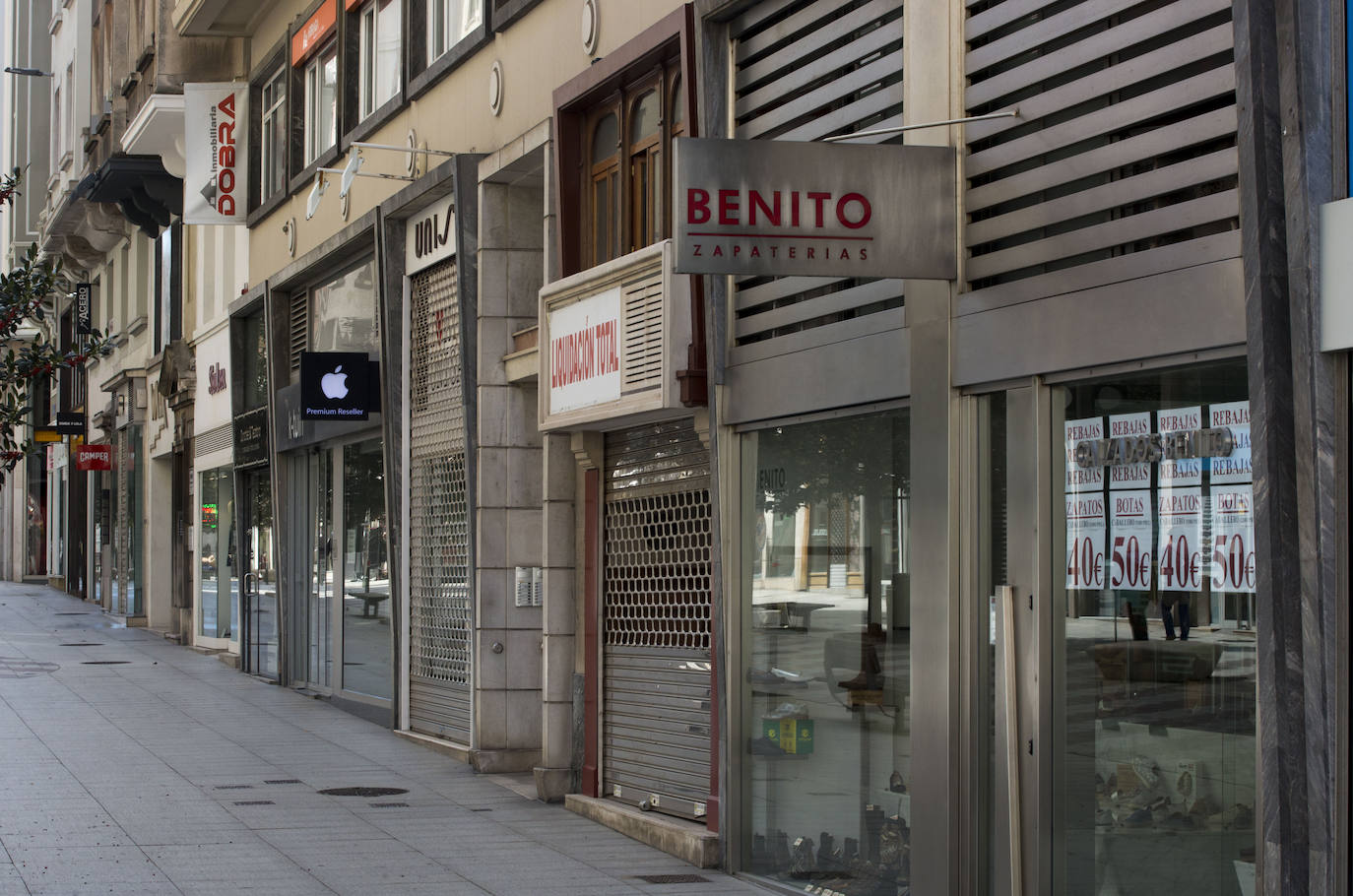 Fotos: Comercio cerrado en Santander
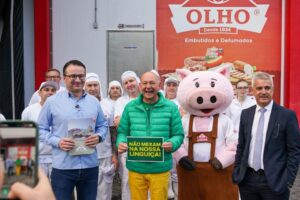 Luciano Hang visita fábrica centenária de Pomerode em defesa da Linguiça Blumenau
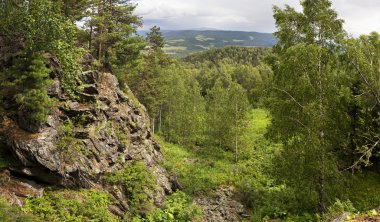 Güzel yaz manzara. Mount küçük Sinyuha görünümünden. 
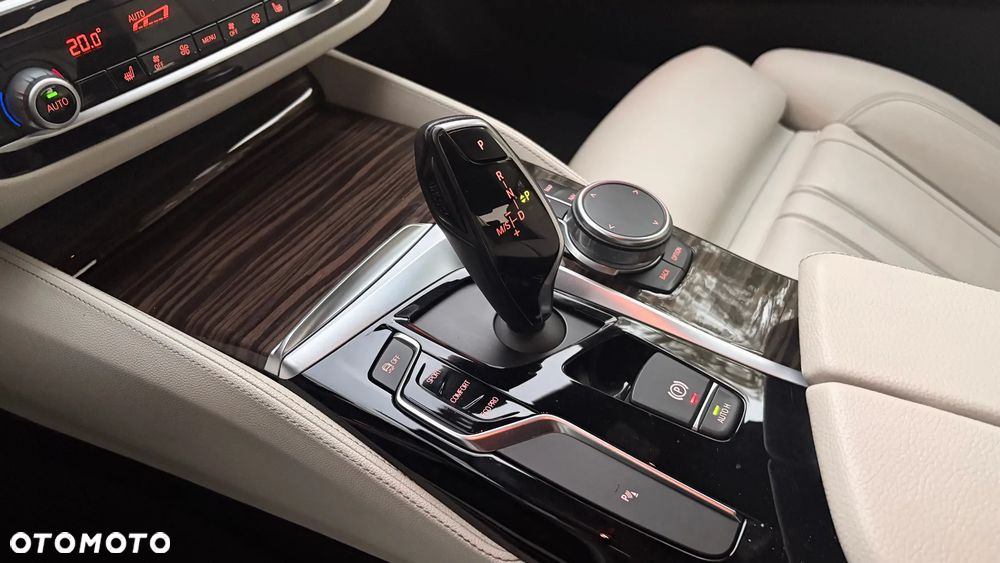 BMW Seria 5 530i xDrive M Sport sport - 24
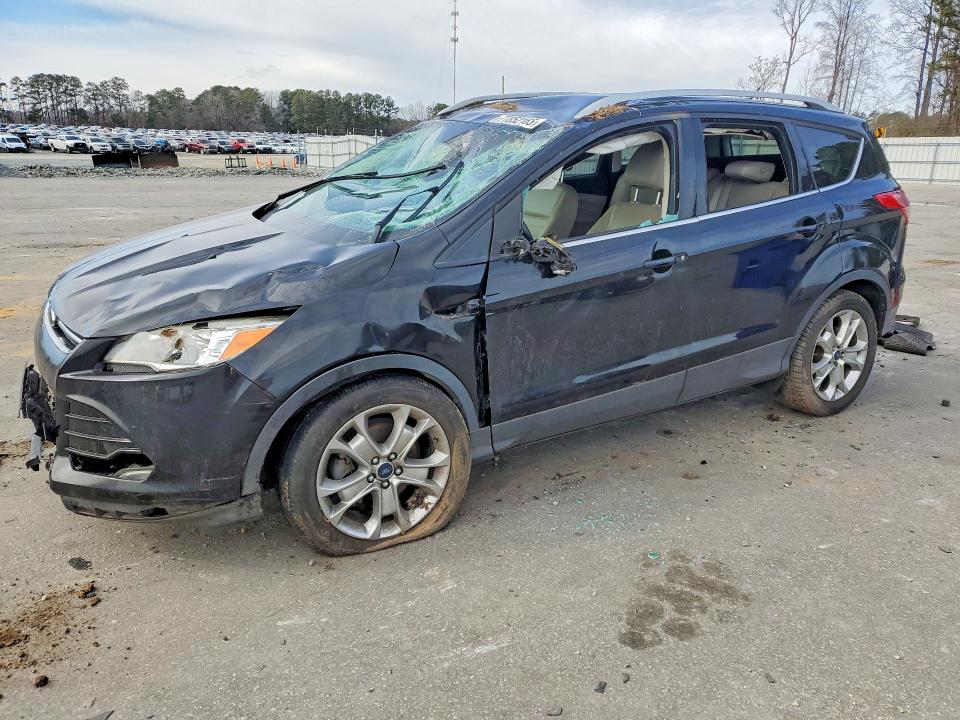 FORD ESCAPE 2014 with VIN 1FMCU0JX3EUC41950 - Photo from auction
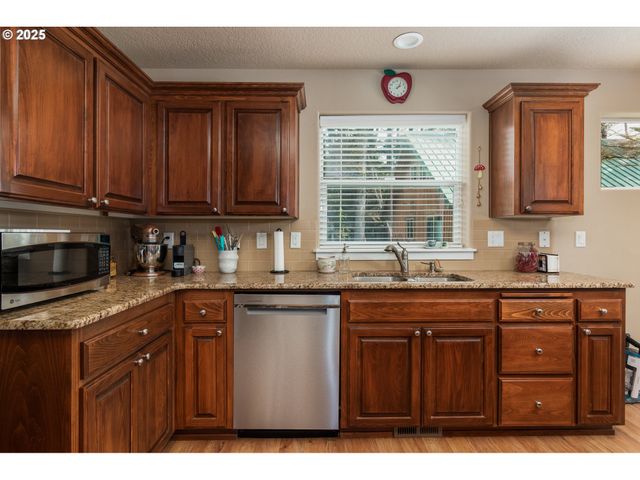 1190 Se 2ND Ct, Lincoln City, OR 97367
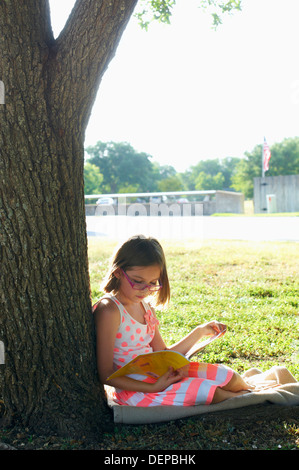 Young Girl reading in park Banque D'Images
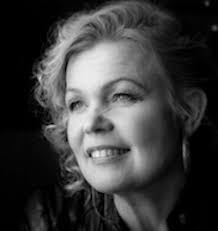 Eva Lott's Instagram, Twitter & Facebook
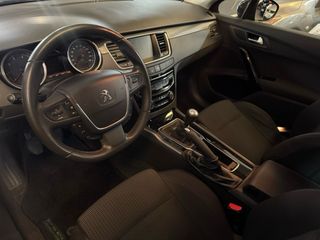 Peugeot 508 2017. 90mil kms. impecaboe estado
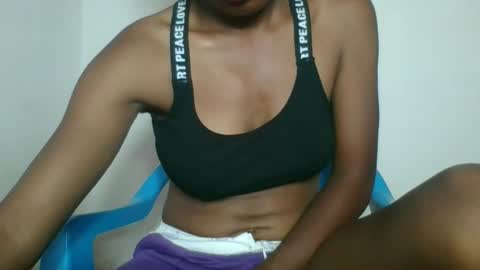 Snapshot of vanafiry chatting on March 7, 6:43 am vanafiry online show from March 7, 6:43 am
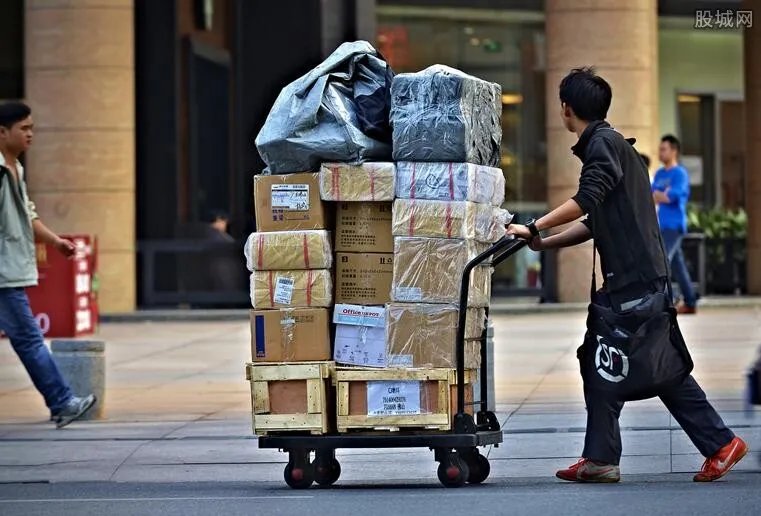 下跪快递员涉欺诈 下跪是为了博取同情你怎么看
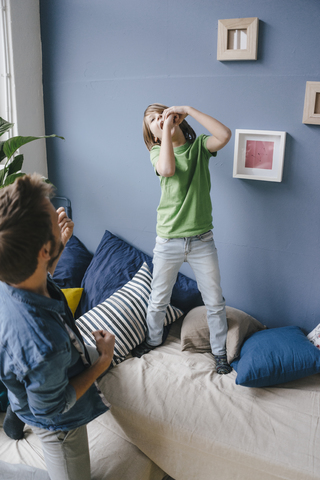 Verspielter Vater und Sohn zu Hause, lizenzfreies Stockfoto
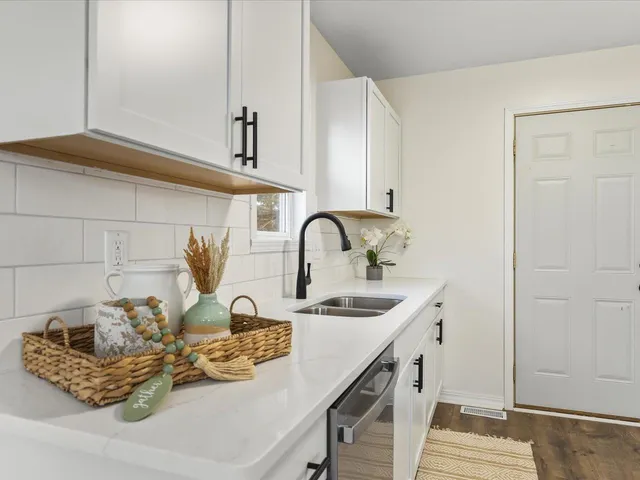 $259,900 | 4144 Westridge Drive, Winnebago, IL 61088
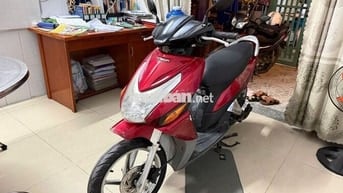 Bán xe click đang sử dụng chỉ việc chạy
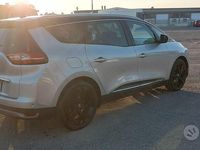 Usata Renault Grand Scénic IV 160 CV (117 kW) 2017 Grigio Monovolume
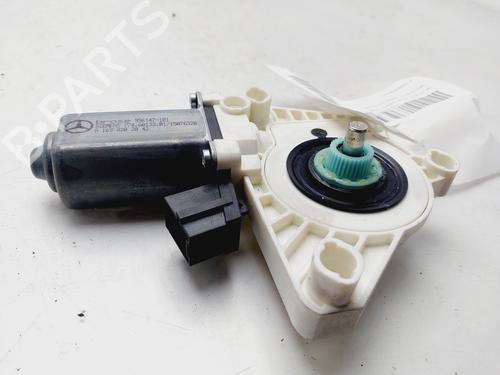 Used Right rear window motor MERCEDES-BENZ B-CLASS Sports Tourer (W245) [2005-2011]  26705649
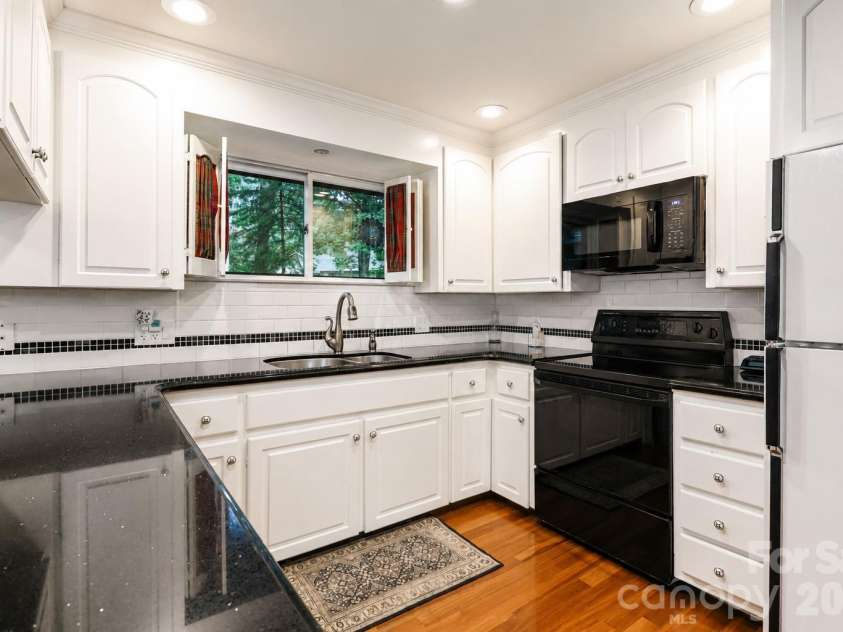 107 Augusta Drive, Statesville, NC 28625.  MLS# CAR4403997, YatesRealty ID 42381. 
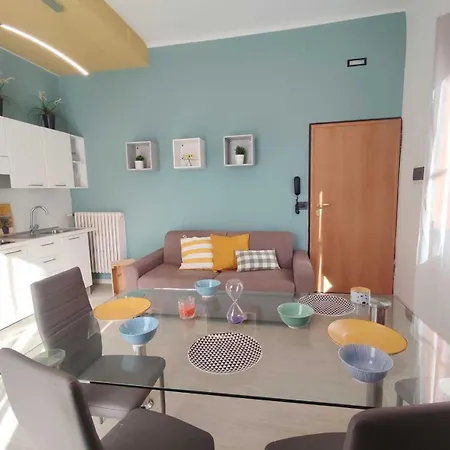 Apartment Centro Private Room&apartments Bilocale 4 *
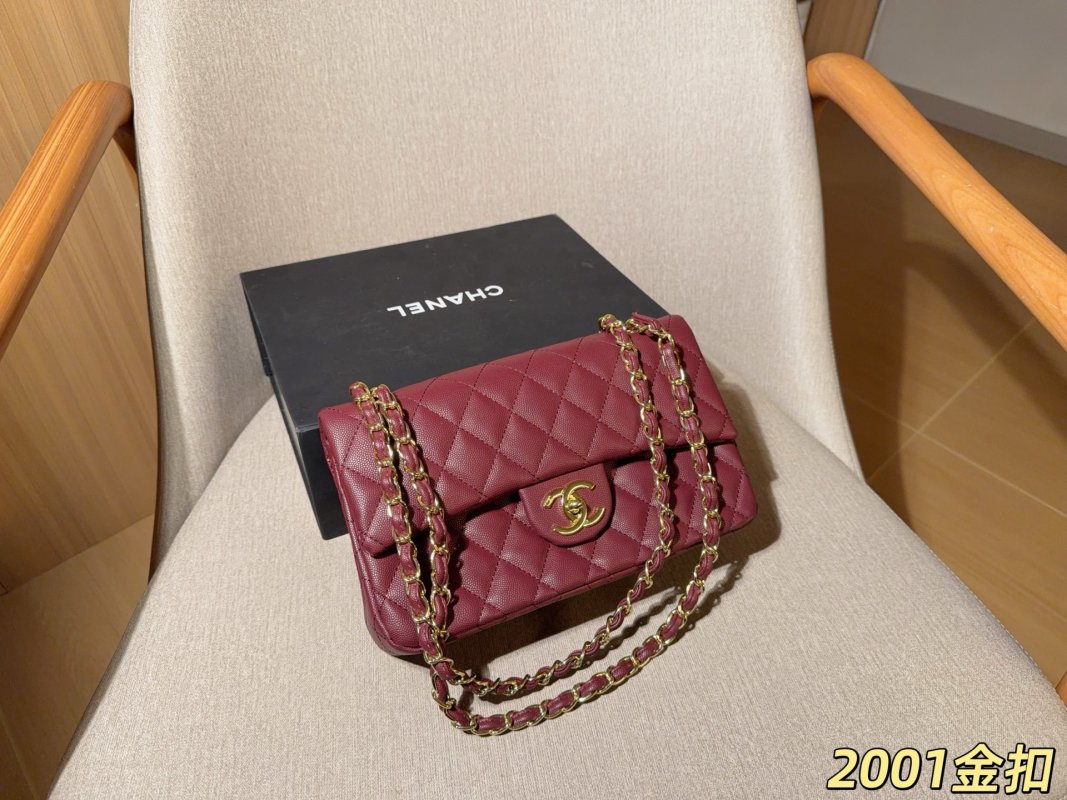 Chanel Classic Caviar Quilted Flap Bag 25cm Pink Gold Hardware view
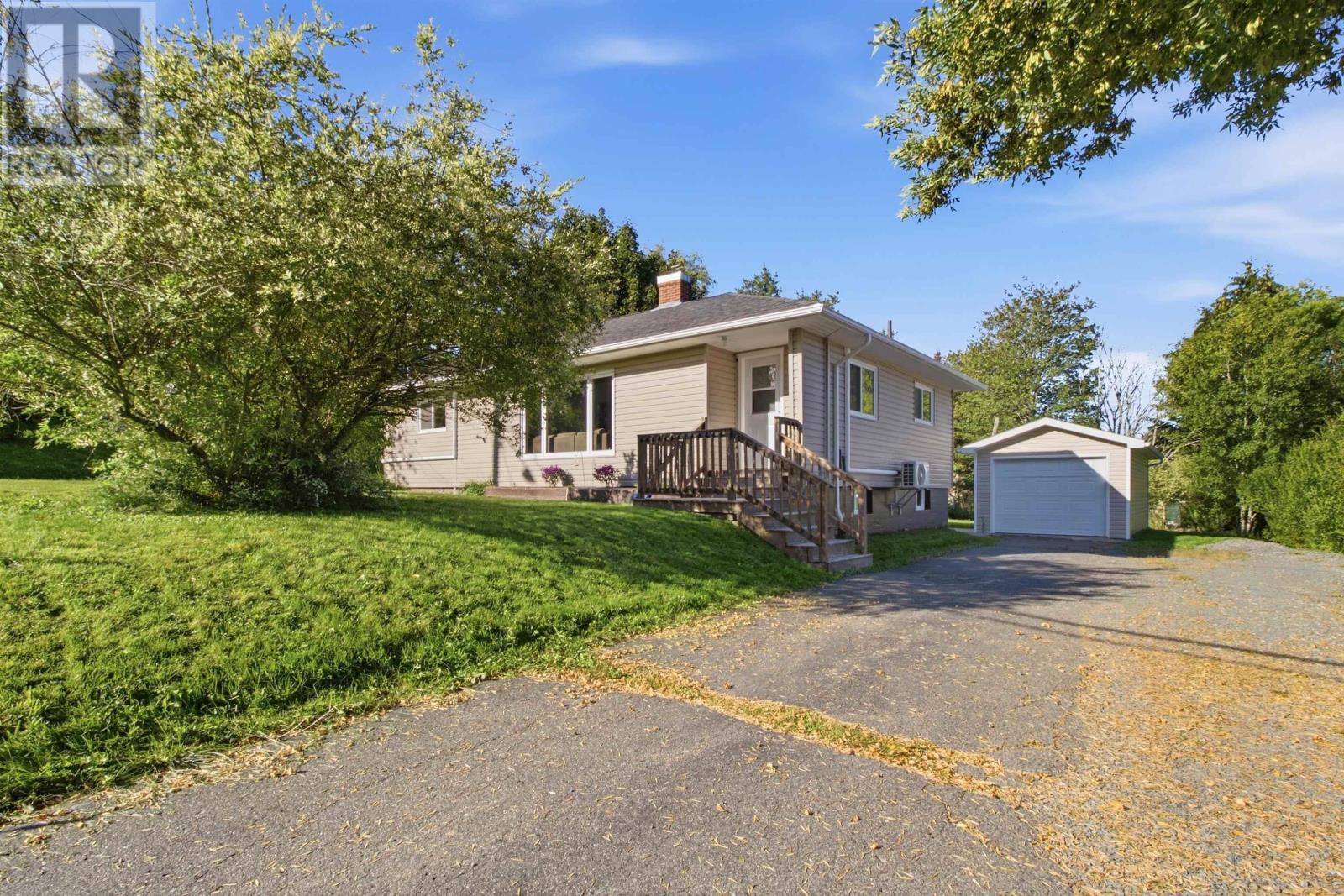 122 Campbell Avenue - 1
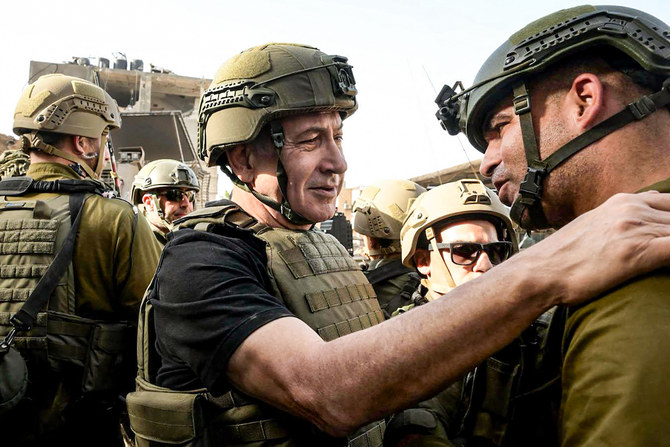 2023年11月26日、イスラエル首相官邸が撮影・公開した資料写真。ガザ地区の非公開の場所で兵士と面会するネタニヤフ首相（中央）。（ファイル/AFP）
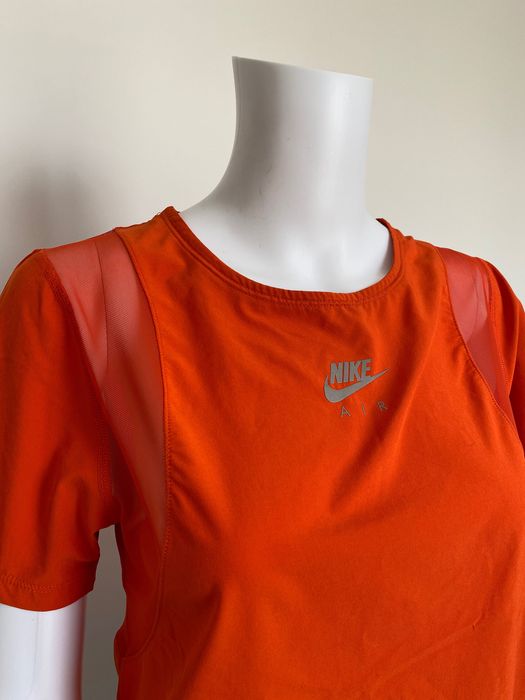 Оранжева тениска Nike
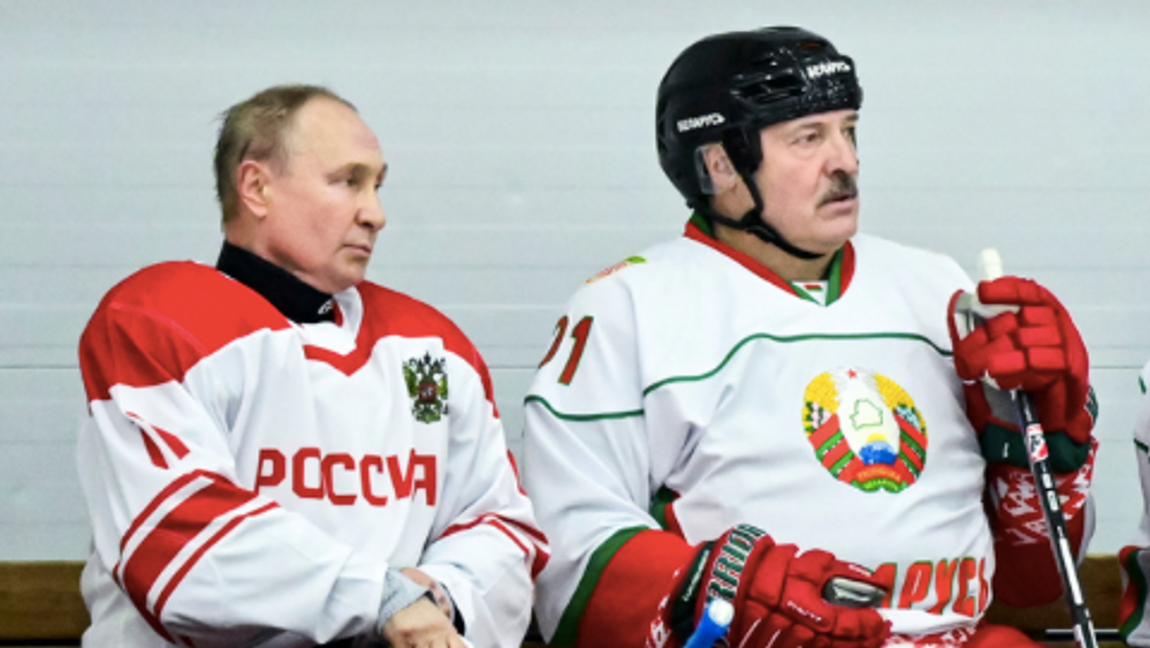 Ryssland och Belarus är fortsatt nekade att delta i IIHF:s turneringar. Foto: Andrei Stasevich/AP/TT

========

Task to carry out
Which part of the entries opens with the line containing "Verspielter Vater und" and closes with the line containing "107 Augusta Drive, Statesville, NC"? Output that part exactly, ends included, pictures excluded.

Solution for this problem
 Verspielter Vater und Sohn zu Hause, lizenzfreies Stockfoto
 $259,900 | 4144 Westridge Drive, Winnebago, IL 61088
 Bán xe click đang sử dụng chỉ việc chạy
 Usata Renault Grand Scénic IV 160 CV (117 kW) 2017 Grigio Monovolume
 Used Right rear window motor MERCEDES-BENZ B-CLASS Sports Tourer (W245) [2005-2011]  26705649
 107 Augusta Drive, Statesville, NC 28625.  MLS# CAR4403997, YatesRealty ID 42381. 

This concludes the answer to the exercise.